Presseschau 23. Juli 2015

»Kommt nicht alle nach Paris!«

Schwarz, Susanne: Kommt nicht alle nach Paris!. Interview mit Tadzio Müller. In: der Freitag (2015), Nr. 30, S. 7.

In dem Interview erklärt Tadzio Müller, dass es nicht immer sinnvoll ist, wenn 100.000 Demonstranten auf eine Protest auftauchen. Er spricht davon, dass diese Energien verteilt und gezielt eingesetzt werden sollten. Es würde andere Effekte ergeben, wenn man nicht einmal im Jahr zu einer Demonstration geht, die sowieso stark besucht ist, und dann vielleicht noch hunderte Kilometer entfernt ist, sondern lieber nicht populäre regionale Aktionen unterstützt. Damit werden kleiner Aktion gestärkt und es gibt gleichmäßige Aktionen über das ganze Jahr anstatt eine riesige, die medial »ausgeschlachtet« wird.

Ich finde diesen Gedankengang inspirierend. Weiter gedacht, würde das heissen, dass sich gezielt an Aktionen beteiligen, die in Ihrer Umgebung sind und somit auch regional auf Missstände aufmerksam machen. Veränderung fängt in einer Demokratie immer im Kleinen an. Und wenn viele Menschen sich eine Haltung aneignen und gemeinnützig handeln, haben wir eine Chance Gesetzesänderungen selbstbewusst einzufordern und nicht nur über einzelne Interessengruppen abstimmen zu lassen.

Fragen
Aber wie können sich Bürger strategisch aktiv organisieren, um eine entsprechende Wirkung zu erzielen und Handlungen einzufordern? Hier würde vielleicht ein kleines E-Mail- oder Telefon-Interview mit Tadzio Müller Aufschluss geben.

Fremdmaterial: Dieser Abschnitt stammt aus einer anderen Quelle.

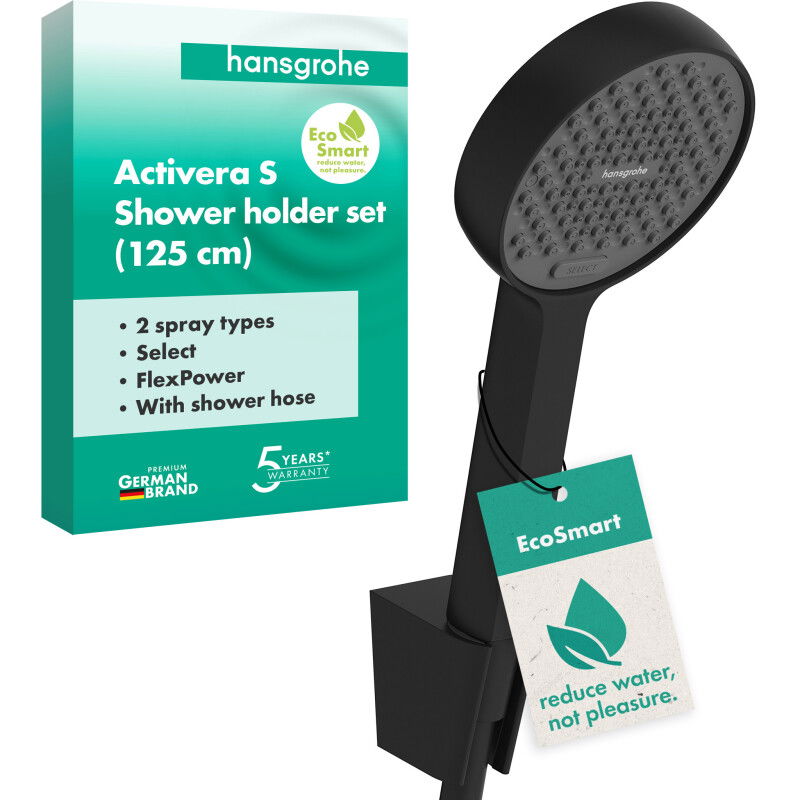 Душовий набір hansgrohe Activera Select S 2jet EcoSmart 28052670, з тримачем та шлангом 1,25 м, чорний матовий - зображення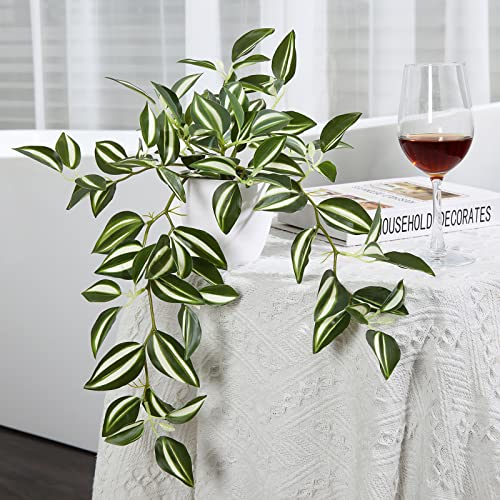 SOGUYI Fake Plants, Artificial Plants 15 Inch Faux Plants for Indoor Outdoor Decor,Realistic Artificial Hanging Plants in Pot for Home Office Perfect Housewarming Gift,1 Pack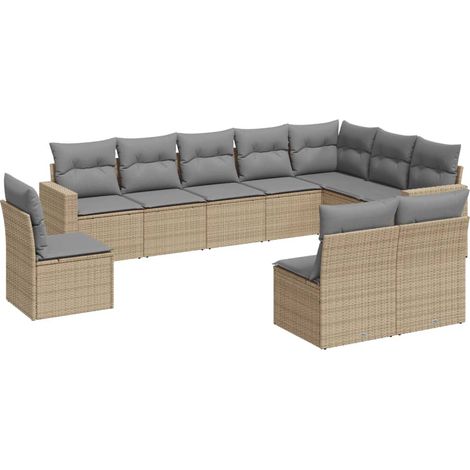 Maison Exclusive - Set Divano da Giardino 10 pz con Cuscini Beige in Polyrattan (1/3)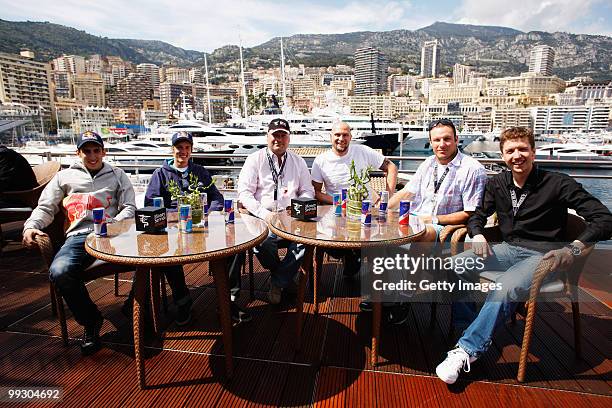 Sebastien Buemi of Switzerland and Toro Rosso, ski-jumper Gregor Schlierenzauer, Michael Seidl of Money Services Group, skier Marco Buechel, skier...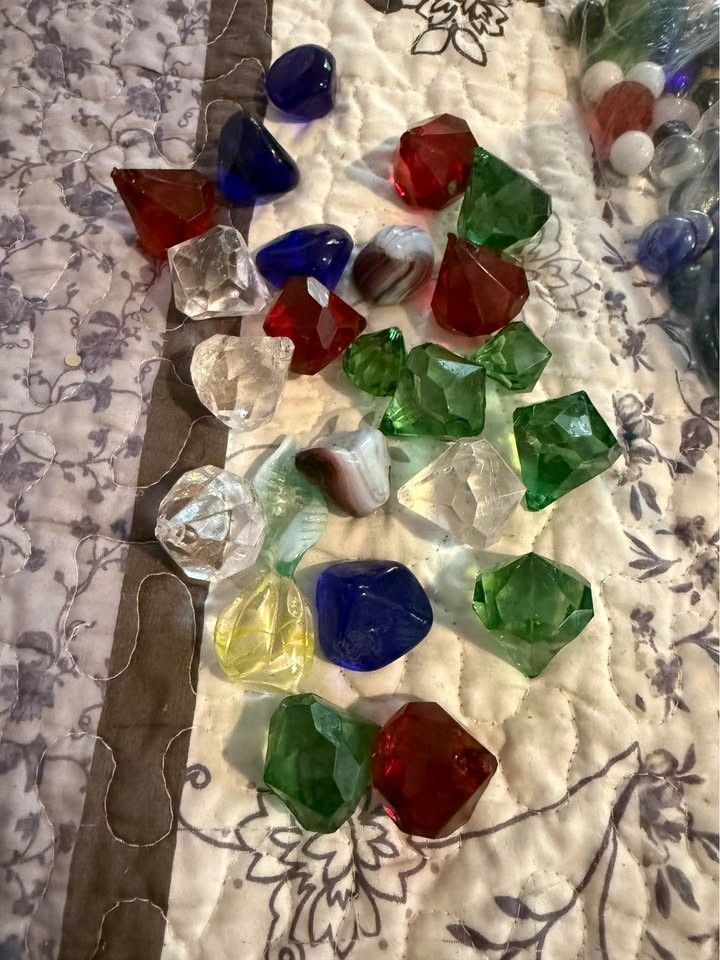 Assorted Decorative Glass and Acrylic Gems ,marbles & stones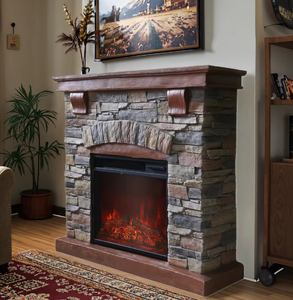 เตาผิงไฟฟ้าแบบตั้งได้ทำจากโลหะอิสระไฟ LED เปลวไฟป้องกันความร้อนสูงเกินไปควบคุมด้วยรีโมท900วัตต์สำหรับใช้ในโรงแรมในครัวเรือน - Product Image 1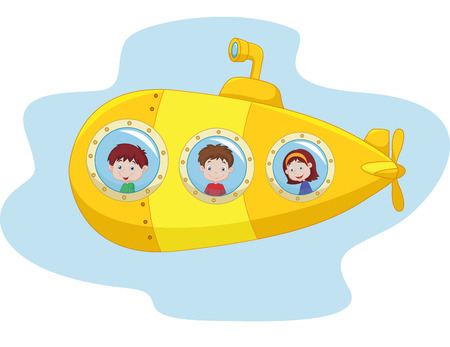 Cartoon yellow submarineのイラスト素材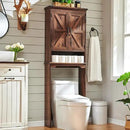 Over The Toilet Storage Cabinet, Farmhouse Bathroom Cabinet with Adjustable Shelf & Barn Door, 67" Tall Over The Toilet Shelf, Brown by CozyNest Decor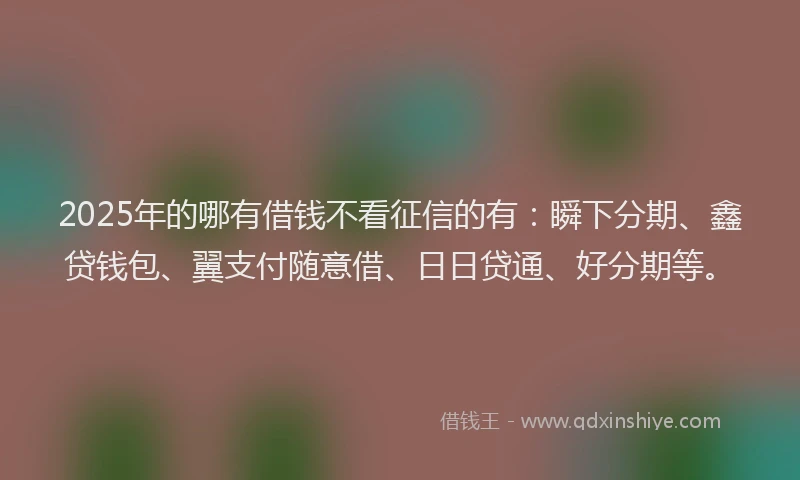 2025年的哪有借钱不看征信的有：瞬下分期、鑫贷钱包、翼支付随意借、日日贷通、好分期等。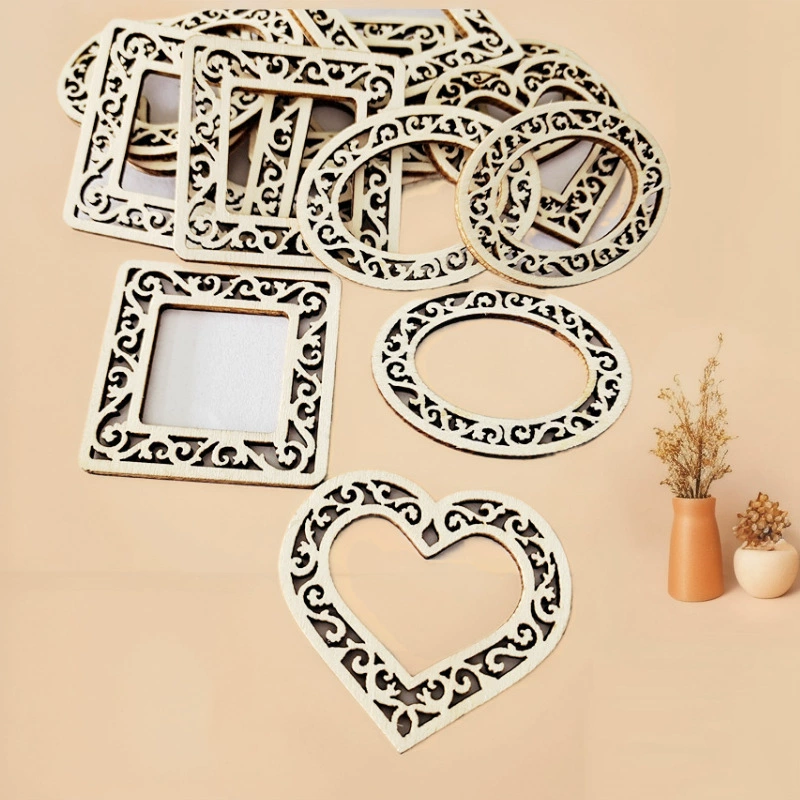 DIY аксессуары ручной работы оригинальный цвет дерева персиковый Сердце Лазерная резка обработка окна цветок фоторамка аксессуары мультфильм патч деревянная щепа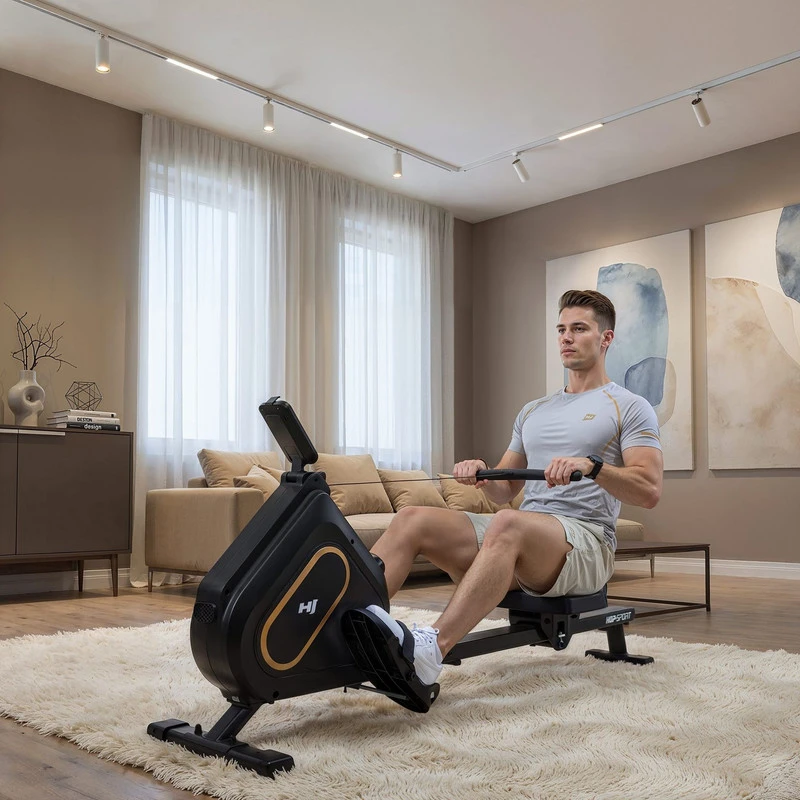 Hop Sport Magnetinis irklavimo treniruoklis su 16 pasipriešinimo lygių ir Bluetooth, iki 120 kg, juodas / auksinis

»Spielwiese für Querdenker«

Hasenheit, Marius: Spielwiese für Querdenker. In: der Freitag (2015), Nr. 30, S. 19.

»Utopival« ist ein geldfreier Kongress in der Nähe vom Köln der Anfang August stattfindet. Das Ziel: ohne Geld das Festival zu bestreiten. Dafür werden verkaufsuntaugliche Lebensmittel organisiert, kostenfreie Veranstaltungsräume von Überzeugten gestellt und die 100 Tickets verlost. Es gibt keine Honorare, keine Ausgaben. Das Konzept funktioniert nur im abgesteckten Rahmen. Die Organisatoren sind noch familienversichert und können es sich somit leisten »kostenfrei« zu leben. Hier greift meiner Meinung nach das gleiche Problem, dass auch bei »Aussteigern«, wie Wagenburgen existiert — ein Teil der staatlichen Fürsorge wird an dieser stelle ausgeblendet. Ich finde den Ansatz grundsätzlich gut, aber den falschen Idealismus als das »bessere« darzustellen funktioniert nur unkritisch. Solidarität ist ein Konzept, dass auf Teilnahmen, Mitgefühl, Gerechtigkeit und Gemeinschaftssinn aufgebaut ist. In solch einem Rahmen einen Kongress, Festival oder Gemeinschaft aufzubauen finde ich eine zukunftsweisende Idee. Allerdings sollten hier versteckte Geldquellen aufgelegt und transparent gemacht werden. Und wie lässt es sich »ohne Geld« leben, wenn unser Staat uns mit Gesundheitsvorsorgen, Wohngeld und kostenloser Bildung versorgt? An dieser Stelle könnte der Staat gleich für alle Bürger aufkommen, aber wer finanziert den Staat, wenn es keine Steuern gibt? Eine andere Möglichkeit wäre, dass der Staat für nichts aufkommt, aber was passiert dann mit benachteiligten Menschen?

Fragen
Was ist mit den Ausgaben für die Webseite, Webspace, Druck von Tickets, Materialien, Anreisekosten, …

»Hand aufs Haupt«, S. 21

Markwandt, Nils: Hand aufs Haupt. In: der Freitag (2015), Nr. 30, S. 21.

Nils berichtet über die Macht der Empfindsamkeit in der Politik und beginnt mit einer Anekdote von Friedrich II., die die Historikerin Ute Frevert in Ihrem Buch »Gefühlspolitik« analysiert.
»Affektive Empfindungen und Einstellungen«, schreibt Frevert, waren »hier nicht Motive, sondern Ressourcen, Werkzeuge und Objekte des Handelns.